Sounds about like the glock. I didn't get the new barrel ported though..... not sure why. The stock barrel is though....


----------



## Bigdrowdy1 (Jan 29, 2010)

Call it the AT&T look. Reachout and touch something LOL.


----------



## youngdon (Mar 10, 2010)

That is definitly a little different looking. How much more velocity do you get with it, do you know?


----------



## hassell (Feb 9, 2010)

That's some fine looking luggage you have there BigD, nothing like a little extra protection while you're out there checking the smoker!!


----------



## ebbs (Feb 7, 2010)

I can vouch for Chris's 10mm. That thing is a shooter even with the factory barrel! BigD those XDm's are shooters for sure too. I had one in 40S&W and of all the handguns I've bought and resold over the years I miss that one the most. Great balance, and dead on accurate. I'm surprised your groups aren't a bit smaller though. It was so accurate I practiced shooting at frozen gallon milk jugs at 40 yards. Being as fast as it is I bet that 357 SIG barrel could take a yote at that distance no problem.


----------



## bar-d (Feb 3, 2010)

I have a Smith & Wesson M&P 40. Thought about getting a .357 Sig barrel for it but never did. Have not really hunted with it but it has dispatched more than one trapped hog. Does a dang good job of it too.


----------



## youngdon (Mar 10, 2010)

I agree with ebbs, I would think that at forty yards a coyote would be toast.


----------



## Bigdrowdy1 (Jan 29, 2010)

hassel I figured once word got out about the deer summer sausage might need the extra rounds for protecting it.LOL I havent had the ability to get too an outside range yet. The inside range near my work only has 25 yds. I hope it does give me the ability to shoot 30 to 40 yards comfortably. Will be carring it later this month on my sets let you know how it goes.


----------



## ebbs (Feb 7, 2010)

youngdon said:


> I agree with ebbs, I would think that at forty yards a coyote would be toast.
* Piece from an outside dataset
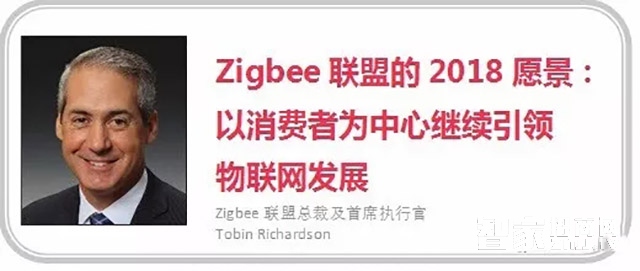 Zigbee 3.0æŠ€æœ¯è®©æ™ºèƒ½è®¾å¤‡ä¹‹é—´å®žçŽ°æ— ç¼äº’æ“ä½œ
I SAID 40 yards. I mean to also add that I practiced occasionally out to 80 yards and could probably average 3 out of 5 hits when I would get it zeroed in.


----------



## cwh (Jan 17, 2011)

357 i love but the cost of rounds for that thing has went up big time since i bought it i pack mine when i go hunting good gun good nock down power to


----------



## youngdon (Mar 10, 2010)

357 sig is a great round, but never made it on the popularity wagon. Everyone wants bigger.


----------



## cwh (Jan 17, 2011)

totally agree youngdon like many other rounds like the 280


----------



## CO204yoter (Aug 9, 2010)

i have taken yotes cosistantly with my 1911 when i hunted around lake pleasant north of PHX and at the range i can hit a yote target at a hundred yards 4 of 5 times and if it can be done with a 1911 in .45 then a .357 sig or .40 smith have the mass and speed to do the trick


----------